The Advanced Tools
The Object Helpers connector
The Object Helpers connector can be used to help you create and manage data as 'objects' - an object being anything that you want to treat as a single entity with a set list of attributes - a CRM account, a set of company details, a contract, a customer, a shop order...
A good use of the Object Helpers connector is as a 'tidier' way of dealing with data from multiple steps - i.e. put it all into an object so that all subsequent steps can grab it from the single object helper step.

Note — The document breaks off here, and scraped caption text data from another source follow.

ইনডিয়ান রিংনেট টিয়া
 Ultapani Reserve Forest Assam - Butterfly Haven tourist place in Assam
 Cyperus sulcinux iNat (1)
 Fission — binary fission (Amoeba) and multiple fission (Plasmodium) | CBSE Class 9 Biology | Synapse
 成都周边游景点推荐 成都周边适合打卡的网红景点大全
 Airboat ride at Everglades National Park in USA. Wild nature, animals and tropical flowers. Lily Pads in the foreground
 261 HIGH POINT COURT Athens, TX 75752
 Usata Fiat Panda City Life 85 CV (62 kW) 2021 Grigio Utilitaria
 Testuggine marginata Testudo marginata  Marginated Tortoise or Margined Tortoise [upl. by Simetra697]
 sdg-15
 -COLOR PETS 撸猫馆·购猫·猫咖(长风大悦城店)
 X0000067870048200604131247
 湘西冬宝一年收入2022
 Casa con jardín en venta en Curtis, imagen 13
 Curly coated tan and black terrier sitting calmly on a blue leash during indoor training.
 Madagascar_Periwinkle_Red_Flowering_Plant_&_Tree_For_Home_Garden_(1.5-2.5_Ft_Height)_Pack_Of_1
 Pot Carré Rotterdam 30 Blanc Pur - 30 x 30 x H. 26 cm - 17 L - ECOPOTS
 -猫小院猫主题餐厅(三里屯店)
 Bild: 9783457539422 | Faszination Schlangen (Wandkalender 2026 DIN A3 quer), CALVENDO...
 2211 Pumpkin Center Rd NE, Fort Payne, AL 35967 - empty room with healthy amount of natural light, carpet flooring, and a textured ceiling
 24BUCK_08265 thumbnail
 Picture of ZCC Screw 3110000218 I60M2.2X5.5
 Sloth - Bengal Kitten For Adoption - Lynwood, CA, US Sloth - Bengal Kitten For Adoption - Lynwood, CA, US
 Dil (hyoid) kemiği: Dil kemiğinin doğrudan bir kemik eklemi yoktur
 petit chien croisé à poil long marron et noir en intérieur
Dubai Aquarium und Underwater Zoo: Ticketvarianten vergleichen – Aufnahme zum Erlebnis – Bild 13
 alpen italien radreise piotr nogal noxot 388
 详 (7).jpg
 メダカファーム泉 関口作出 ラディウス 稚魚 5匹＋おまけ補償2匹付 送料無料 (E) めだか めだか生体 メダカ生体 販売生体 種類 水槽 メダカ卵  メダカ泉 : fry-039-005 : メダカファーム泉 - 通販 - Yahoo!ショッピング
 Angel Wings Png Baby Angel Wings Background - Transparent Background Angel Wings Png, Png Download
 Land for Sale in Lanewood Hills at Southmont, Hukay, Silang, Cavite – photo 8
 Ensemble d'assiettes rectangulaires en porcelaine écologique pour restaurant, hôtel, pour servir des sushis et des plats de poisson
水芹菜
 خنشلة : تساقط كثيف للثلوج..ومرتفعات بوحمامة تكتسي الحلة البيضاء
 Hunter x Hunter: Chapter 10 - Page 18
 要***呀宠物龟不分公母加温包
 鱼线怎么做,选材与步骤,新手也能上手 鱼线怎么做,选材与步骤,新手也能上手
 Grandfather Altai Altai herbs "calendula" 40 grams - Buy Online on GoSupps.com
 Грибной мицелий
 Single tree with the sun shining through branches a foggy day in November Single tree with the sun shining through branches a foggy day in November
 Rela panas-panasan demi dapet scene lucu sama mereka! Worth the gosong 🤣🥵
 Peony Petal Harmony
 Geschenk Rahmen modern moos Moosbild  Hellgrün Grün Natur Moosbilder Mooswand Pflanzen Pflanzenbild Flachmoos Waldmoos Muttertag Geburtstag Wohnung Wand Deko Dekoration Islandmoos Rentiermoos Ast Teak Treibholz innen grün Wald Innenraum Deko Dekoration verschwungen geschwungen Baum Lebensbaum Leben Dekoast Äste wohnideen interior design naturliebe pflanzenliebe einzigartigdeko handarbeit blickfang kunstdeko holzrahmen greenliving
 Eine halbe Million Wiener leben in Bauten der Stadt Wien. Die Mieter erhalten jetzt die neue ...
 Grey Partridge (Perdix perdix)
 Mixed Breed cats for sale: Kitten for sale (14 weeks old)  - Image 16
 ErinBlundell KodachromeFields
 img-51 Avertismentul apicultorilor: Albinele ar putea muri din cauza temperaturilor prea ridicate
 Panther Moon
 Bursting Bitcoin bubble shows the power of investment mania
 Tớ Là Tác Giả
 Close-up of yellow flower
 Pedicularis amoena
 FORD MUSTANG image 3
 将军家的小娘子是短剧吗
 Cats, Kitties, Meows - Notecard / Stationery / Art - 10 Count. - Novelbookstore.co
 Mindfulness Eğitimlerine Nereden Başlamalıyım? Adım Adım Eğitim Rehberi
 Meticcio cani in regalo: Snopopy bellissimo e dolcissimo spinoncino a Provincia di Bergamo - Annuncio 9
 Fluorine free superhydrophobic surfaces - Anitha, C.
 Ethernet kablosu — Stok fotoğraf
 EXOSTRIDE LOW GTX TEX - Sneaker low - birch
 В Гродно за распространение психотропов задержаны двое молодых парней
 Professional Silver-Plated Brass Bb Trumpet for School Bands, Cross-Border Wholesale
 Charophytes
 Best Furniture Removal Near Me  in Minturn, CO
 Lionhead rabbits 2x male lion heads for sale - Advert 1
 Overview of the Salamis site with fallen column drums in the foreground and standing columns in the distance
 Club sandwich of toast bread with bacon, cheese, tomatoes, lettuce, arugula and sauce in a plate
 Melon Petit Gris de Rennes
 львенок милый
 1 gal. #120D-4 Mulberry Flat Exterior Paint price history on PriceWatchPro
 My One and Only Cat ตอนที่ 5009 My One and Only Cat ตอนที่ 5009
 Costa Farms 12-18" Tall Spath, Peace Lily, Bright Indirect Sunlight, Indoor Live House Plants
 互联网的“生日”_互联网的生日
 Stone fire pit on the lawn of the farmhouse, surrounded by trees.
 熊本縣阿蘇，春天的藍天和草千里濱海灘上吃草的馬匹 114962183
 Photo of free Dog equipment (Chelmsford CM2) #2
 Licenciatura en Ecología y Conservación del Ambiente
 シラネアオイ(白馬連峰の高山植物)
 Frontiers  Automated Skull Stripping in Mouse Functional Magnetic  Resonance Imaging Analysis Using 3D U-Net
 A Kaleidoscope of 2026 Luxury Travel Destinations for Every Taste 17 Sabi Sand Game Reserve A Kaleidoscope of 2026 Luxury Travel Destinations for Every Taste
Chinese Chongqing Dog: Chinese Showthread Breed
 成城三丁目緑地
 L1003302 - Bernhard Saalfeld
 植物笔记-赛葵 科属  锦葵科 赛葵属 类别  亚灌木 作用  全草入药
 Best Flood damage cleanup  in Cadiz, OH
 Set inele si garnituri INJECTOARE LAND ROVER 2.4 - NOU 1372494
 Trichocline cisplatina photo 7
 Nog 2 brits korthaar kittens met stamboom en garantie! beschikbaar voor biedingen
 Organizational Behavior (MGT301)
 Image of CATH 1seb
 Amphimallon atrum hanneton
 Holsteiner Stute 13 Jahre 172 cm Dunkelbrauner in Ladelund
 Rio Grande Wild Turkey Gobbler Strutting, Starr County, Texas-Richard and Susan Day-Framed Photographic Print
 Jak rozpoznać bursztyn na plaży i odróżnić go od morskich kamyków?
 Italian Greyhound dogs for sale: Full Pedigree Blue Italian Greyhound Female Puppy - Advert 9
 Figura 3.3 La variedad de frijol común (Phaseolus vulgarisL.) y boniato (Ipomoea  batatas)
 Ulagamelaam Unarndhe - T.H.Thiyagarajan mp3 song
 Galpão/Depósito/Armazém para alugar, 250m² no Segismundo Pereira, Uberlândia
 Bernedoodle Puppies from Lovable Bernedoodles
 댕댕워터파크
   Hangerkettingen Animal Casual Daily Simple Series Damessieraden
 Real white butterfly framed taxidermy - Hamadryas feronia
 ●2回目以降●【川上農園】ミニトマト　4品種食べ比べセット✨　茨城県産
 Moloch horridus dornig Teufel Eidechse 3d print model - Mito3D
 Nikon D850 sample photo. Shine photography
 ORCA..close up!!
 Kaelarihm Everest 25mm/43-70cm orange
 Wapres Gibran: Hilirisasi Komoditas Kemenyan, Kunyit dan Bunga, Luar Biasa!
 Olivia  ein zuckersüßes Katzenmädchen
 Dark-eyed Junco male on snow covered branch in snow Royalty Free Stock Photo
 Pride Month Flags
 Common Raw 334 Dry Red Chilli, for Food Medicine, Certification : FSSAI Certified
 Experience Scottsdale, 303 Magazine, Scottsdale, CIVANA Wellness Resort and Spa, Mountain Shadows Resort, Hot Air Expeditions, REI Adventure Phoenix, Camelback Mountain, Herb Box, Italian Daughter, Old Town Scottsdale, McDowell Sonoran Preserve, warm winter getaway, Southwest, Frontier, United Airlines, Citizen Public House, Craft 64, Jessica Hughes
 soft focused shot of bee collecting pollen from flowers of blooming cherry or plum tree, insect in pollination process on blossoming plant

You can also use it to create an object from all the data you've been gathering and send it to another workflow, using the Callable Trigger
Some examples of Object Helper operations are:
'Add key/value pairs' - can be used to create an object with a list of fields (keys) which can pull their values in from the output of other connectors
'Add value by key' - can be used to add an extra field (key) and value to an already created object
'Properties exist' - when a connector or trigger is returning data this can be used to check if a piece of data actually exists in what is being returned
'Parse json' - can be used to format e.g. xml data in a single line into correctly formatted json data that can then be used by other connectors
The Script Connector
- Convert your data from JSON to CSV before uploading it to another service
- Format empty fields so that they are accepted by a database
Some good examples of the script connector being used can be seen in:
- Our Script Connector documentation which includes an example of creating dummy data (great for test purposes!) and how to format data so it meets the acceptance requirements of a database
- Our AWS SQS where it is used to pull only specific values from a long JSON output and format them so they are simpler to use in other connectors
The Webhook Trigger
What is a webhook?
A webhook is simply a way to send data from 'application one' to 'application two' when a certain event takes place in application one. An example of a webhook would be when a new customer is added to Shopify, the details of that customer are sent to another application.
The most common use for the Webhook Trigger in the Tray Platform is when we do not have a specific Trigger for a service and you want a workflow to be triggered when a particular event takes place in that service (for example when a new contact is added and you want their details to be sent to your workflow).
To set up a webhook all you have to do is:
- Create a Tray.io Workflow with a Webhook Trigger
- Choose the action which triggers the webhook in the 3rd party service
- Enter your Tray.io workflow public url as the destination for your webhook
Then any time your workflow is triggered you can grab exactly the data you need:
If the service does not have a webhook available (such as Google Sheets) then you can use our Scheduled Trigger to periodically make checks for new information. We call this technique 'polling' and an example is demonstrated in our polling documentation
The HTTP Client
The HTTP client can be used to make calls to any REST API.
There are two main uses for this connector:
To make a call to an endpoint which is not yet used by any of the operations available in the Tray.io connector for e.g. Salesforce, Hubspot, Trello, Airtable, etc.
If no Tray connector actually exists for a service, it can also be used to effectively build your own connector by creating a new authentication and passing a token as a parameter. Note, however, that this can currently only be done for token-based services. If the service in question is OAuth-based it is only possible to extend the functionality of a pre-existing Tray.io connector - because you currently cannot use the HTTP Client to create an OAuth-based authentication from scratch.
In this case it is likely that you will wish to use the HTTP Client in conjunction with the Webhook Trigger. This will enable you to create workflows which are also triggered by an event in the service for which there is as yet no Tray.io pre-built trigger or connector.
The Data Mapper
Sometimes when working with data in your workflows, it is necessary to set up 'mappings' for your data. Two general scenarios which would necessitate use of the Data Mapper are:
- You are pulling data from a service and need the results to be formatted so as to update a particular field in a database with a value that is more helpful for the users of the database (e.g. 'landline call' and 'cellphone call' could both be mapped to 'phone call').
The Data Mapper has a Map Data operation for this purpose.
- You wish to automatically pass data from one service to another by specifying a mapping 'table' so that e.g. the 'name' field in Service 1 is automatically mapped to the 'item' field in Service 2.
The Data Mapper has a Map Fields operation for this purpose.
The Delay Connector
The delay connector can be used to pause your workflow for a set period up to 10 minutes. This can be useful if you are waiting for the service you are querying to be updated.
The following example shows how you might use a loop connector with a delay to check until a new contact record is found:
One of the Tray platform's uniquely powerful features is the way it deals with handling errors in your workflows - when steps fail because of e.g. attempting to access missing data, or because an authentication has expired. You can deal with these by ignoring minor errors, setting an alternative route for errors that need to be accounted for, or by stopping the workflow and setting up an alert process for major errors.
This is all explained in our section on Error Handling
Together they allow you to simplify your workflows by allowing you to work with a 'modular' approach - i.e. multiple workflows can gather data before calling one workflow which can carry out the actual processing tasks (calculations, updating of records etc.)
A basic explanation of setting up a callable workflow can be seen in the Callable Trigger page.
Usage of this in an advanced scenario can be found in our Processing Large Volumes of Data tutorial (another of the Tray platform's uniquely powerful features is its ability to process large amounts of data).